Obelix contre le reste du monde IX
Description
Été 2002 : les éditions Albert René, qui publient Astérix et Obélix, attaquent en justice le propriétaire de Mobilix — un site allemand consacré à Linux sur PDA et ordinateurs de poche, dont le nom contracte simplement « mobile » et « Unix ».
Le grief : une proximité phonétique avec « Obélix ». La cour de Munich écarte l'argument, et le site se rebaptise tout de même Tuxmobil. L'affaire semblait close, mais elle rebondit en 2005 devant le tribunal de première instance des Communautés européennes, où les mêmes éditions s'opposent cette fois à l'enregistrement de Mobilix comme marque communautaire.
Le raisonnement du tribunal vaut le détour : Mobilix évoque la mobilité, Obélix évoque un personnage corpulent connu dans toute l'Union — on ne parle pas de la même chose, donc on ne peut pas confondre. Demande rejetée, une fois de plus.
Mots-clés
Transcription
0:00 On continue notre cours d'histoire et cette fois-ci, on pourrait dire Obélix contre le reste du monde.
0:09 Durant l'été 2002, les éditions Albert René, ceux qui éditent les aventures d'Astérix et Obélix, ont attaqué devant la justice allemande Warner Husser, propriétaire du site Mobilix. Mobilix, c'est l'acronyme entre les mots mobile et unix. Bien sûr, c'était un site dédié au monde de Linux sur les PDA et ordinateurs portables.
0:30 Je vous rappelle, on est en 2002. Il était reproché au nom Mobilix d'être trop proche phonétiquement du mot Obélix, mot déposé par les éditions Albert René. La Cour de Munich déclare qu'une similarité d'écriture ou de signification entre les mots Obélix et Mobilix est exclue. Je vous épargne les détails. Depuis, Warner Husser optait alors pour le nom Tuxmobile.org.
0:56 Entre parenthèses, si on fait une recherche rapide sur tous les mots qui terminent par X, au moins dans la communauté du libre, il y en a à peu près plus de 500. On croyait cette affaire finie, mais un arrêt de tribunal de première instance des communautés européennes vient indirectement la remettre au goût du jour en 2005.
1:16 Dans cette affaire, cette fois-ci, on retrouve les éditions Albert René, toujours le papa d'Astérix et Obélix, mais cette fois-ci opposé à l'Office de l'harmonisation dans les marchés intérieurs, la OHMI. En effet, en 1997, la société Orange, l'opérateur, demandait à l'Office d'enregistrer une marque communautaire pour ses produits.

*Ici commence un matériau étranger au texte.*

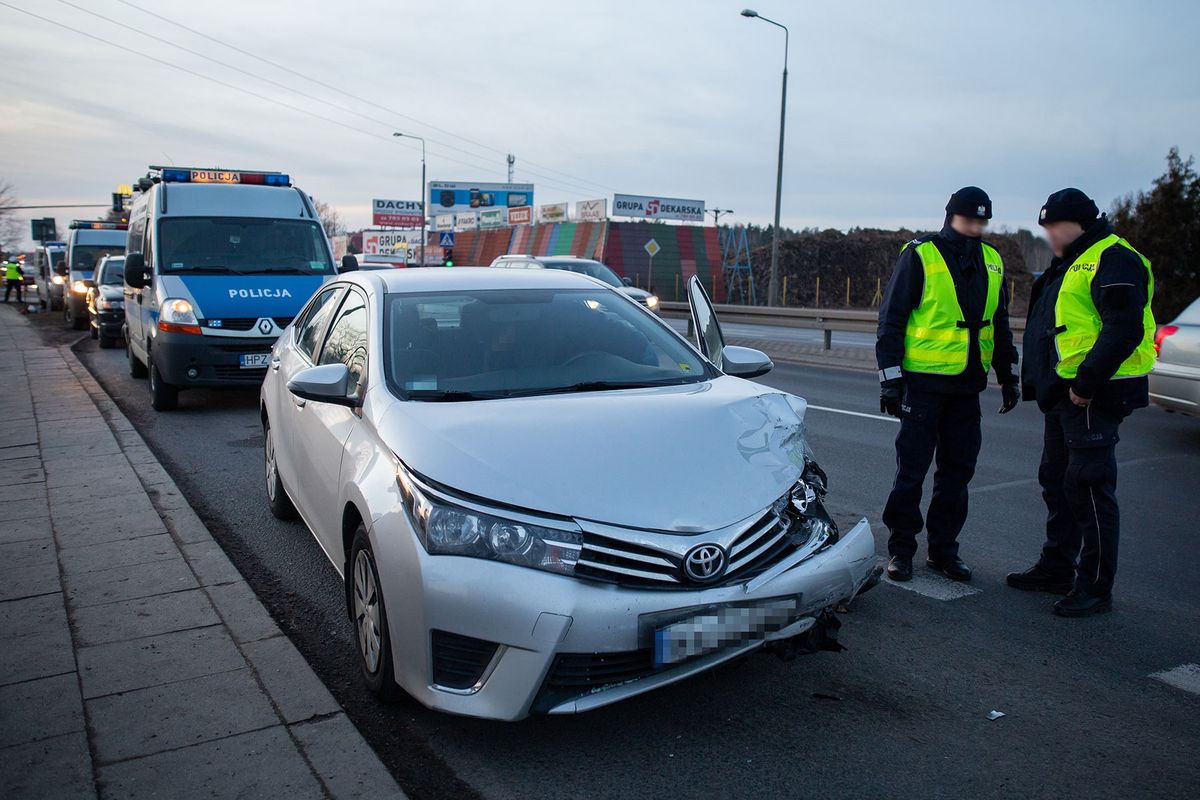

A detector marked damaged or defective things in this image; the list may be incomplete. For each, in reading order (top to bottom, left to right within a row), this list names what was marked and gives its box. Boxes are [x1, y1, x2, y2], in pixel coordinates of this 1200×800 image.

crumpled hood [376, 379, 806, 534]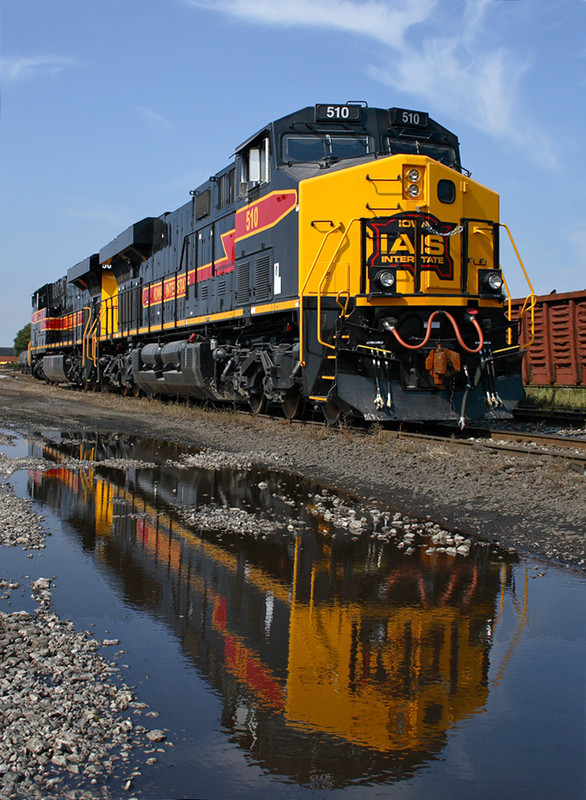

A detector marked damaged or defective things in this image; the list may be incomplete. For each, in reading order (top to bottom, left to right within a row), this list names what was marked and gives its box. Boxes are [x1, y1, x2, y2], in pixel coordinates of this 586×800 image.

rusty gondola car [29, 104, 532, 424]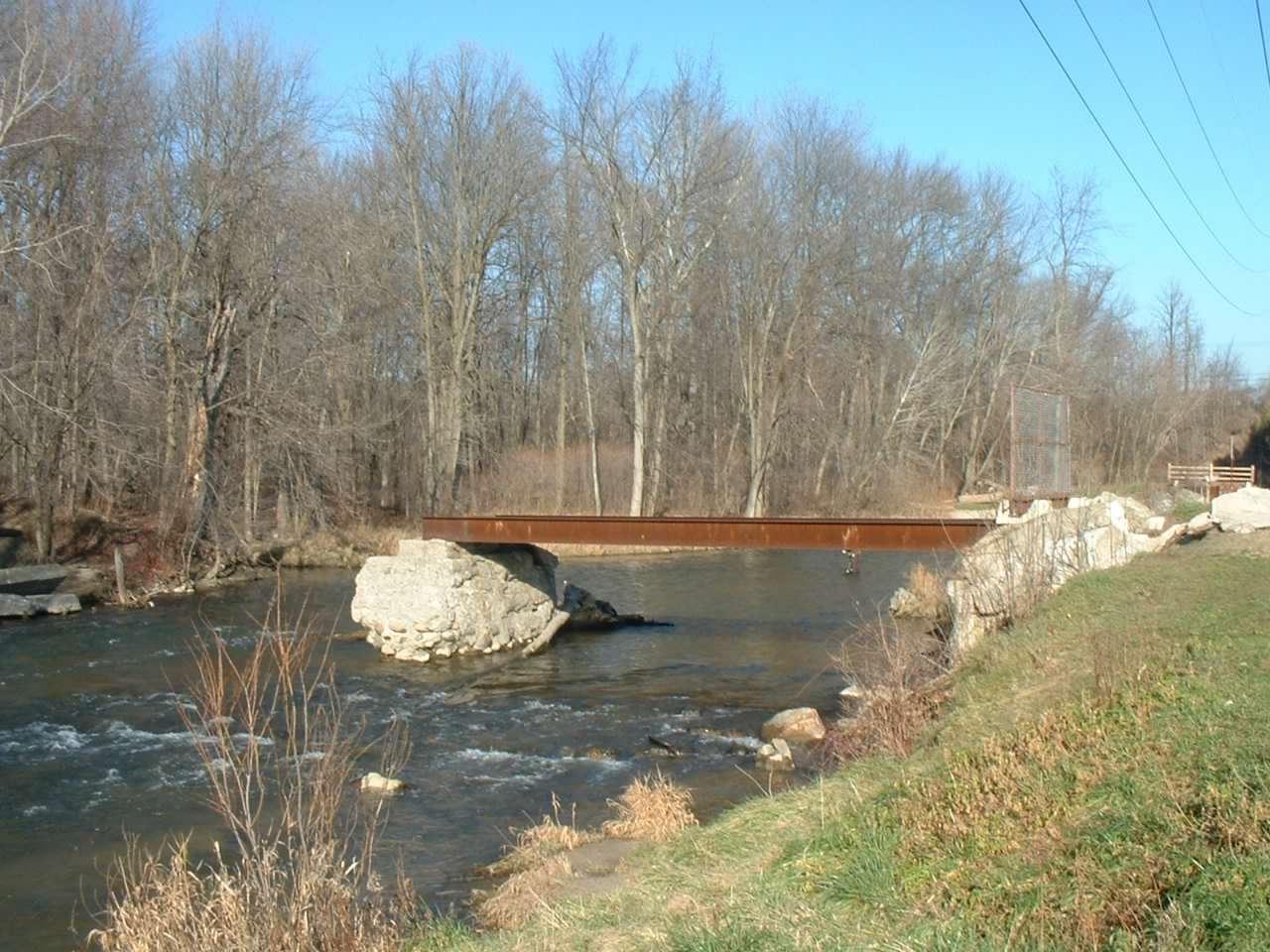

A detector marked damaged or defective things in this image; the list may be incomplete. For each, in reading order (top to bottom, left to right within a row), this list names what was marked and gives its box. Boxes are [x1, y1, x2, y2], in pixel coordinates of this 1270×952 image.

rusty steel bridge [421, 515, 995, 550]
rusted metal beam [421, 518, 995, 555]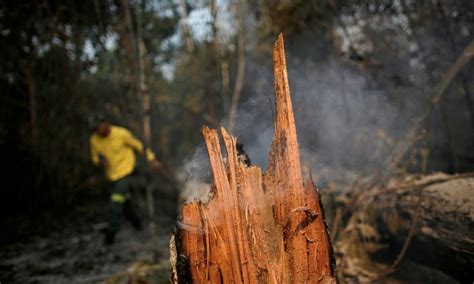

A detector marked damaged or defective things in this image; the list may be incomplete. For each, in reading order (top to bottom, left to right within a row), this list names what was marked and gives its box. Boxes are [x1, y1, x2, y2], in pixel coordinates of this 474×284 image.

splintered wood [179, 34, 336, 282]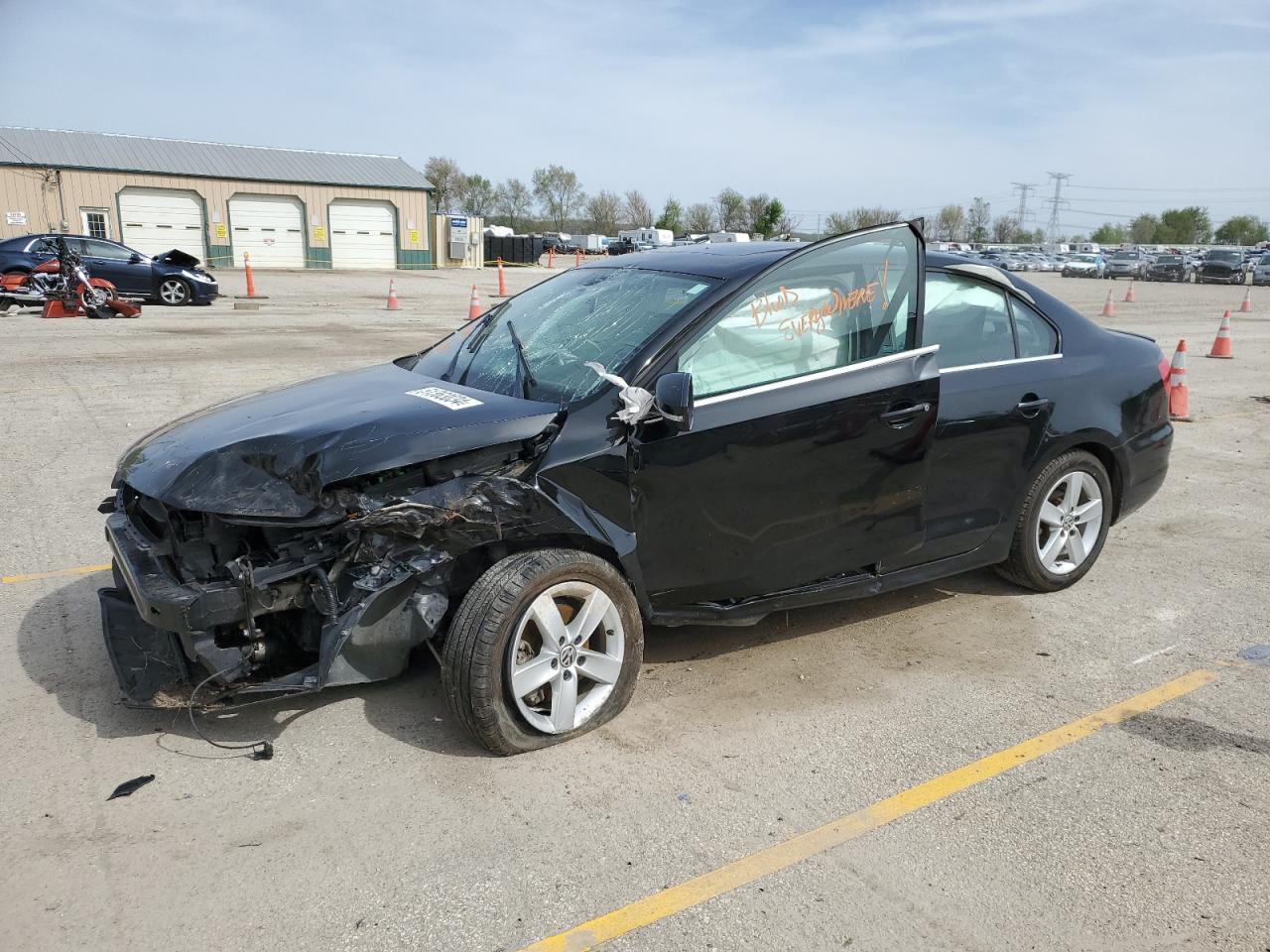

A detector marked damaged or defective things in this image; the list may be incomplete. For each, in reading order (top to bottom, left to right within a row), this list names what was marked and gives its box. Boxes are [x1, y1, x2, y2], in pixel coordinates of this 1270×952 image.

damaged hood [118, 363, 556, 516]
crumpled front end [99, 446, 575, 706]
shattered windshield [413, 266, 718, 403]
crashed black jetta [99, 223, 1175, 750]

1:38 J'ai nommé Mobilix. Les éditions Albert René notent avec insistance qu'il y a plusieurs similitudes. Visuellement, quasiment la même longueur, une séquence similaire de lettres, et phonétiquement, il produirait des sons très similaires. Mobilix, Mobilix, voilà, dans un environnement bruyant, ça se rapproche énormément.

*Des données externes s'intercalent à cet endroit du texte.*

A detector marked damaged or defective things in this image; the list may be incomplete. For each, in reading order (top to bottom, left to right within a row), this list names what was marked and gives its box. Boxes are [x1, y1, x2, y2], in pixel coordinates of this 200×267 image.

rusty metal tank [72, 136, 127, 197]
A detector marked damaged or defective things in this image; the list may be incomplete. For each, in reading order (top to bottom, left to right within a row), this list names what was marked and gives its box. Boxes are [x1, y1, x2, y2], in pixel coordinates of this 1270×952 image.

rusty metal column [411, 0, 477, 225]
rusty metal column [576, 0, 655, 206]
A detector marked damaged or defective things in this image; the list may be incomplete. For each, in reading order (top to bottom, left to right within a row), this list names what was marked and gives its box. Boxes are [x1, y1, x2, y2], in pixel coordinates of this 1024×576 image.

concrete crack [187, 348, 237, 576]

2:02 Bon, en tout cas, le tribunal, lui, note que les mots Mobilix et Obélix n'ont de signification sémantique dans aucune des langues officielles de l'Union Européenne. Donc, même s'il y a beaucoup de bruit, on ne peut pas confondre Mobilix et Obélix, car on ne parlerait pas du tout de la même chose. Et oui, il note que le terme Mobilix peut être facilement perçu comme faisant référence à quelque chose de mobile ou à la mobilité.
2:25 Et le terme Mobilix, quant à lui, même si le nom a été enregistré comme une marque verbale, c'est-à-dire sans référence visuelle au personnage de dessin animé, sera aisément identifié par le public moyen au personnage corpulent de la série de bandes dessinées, largement connue dans l'ensemble de l'Union Européenne. Bon, bref, c'est ainsi que le tribunal rejette encore une fois la demande des éditions Albert René.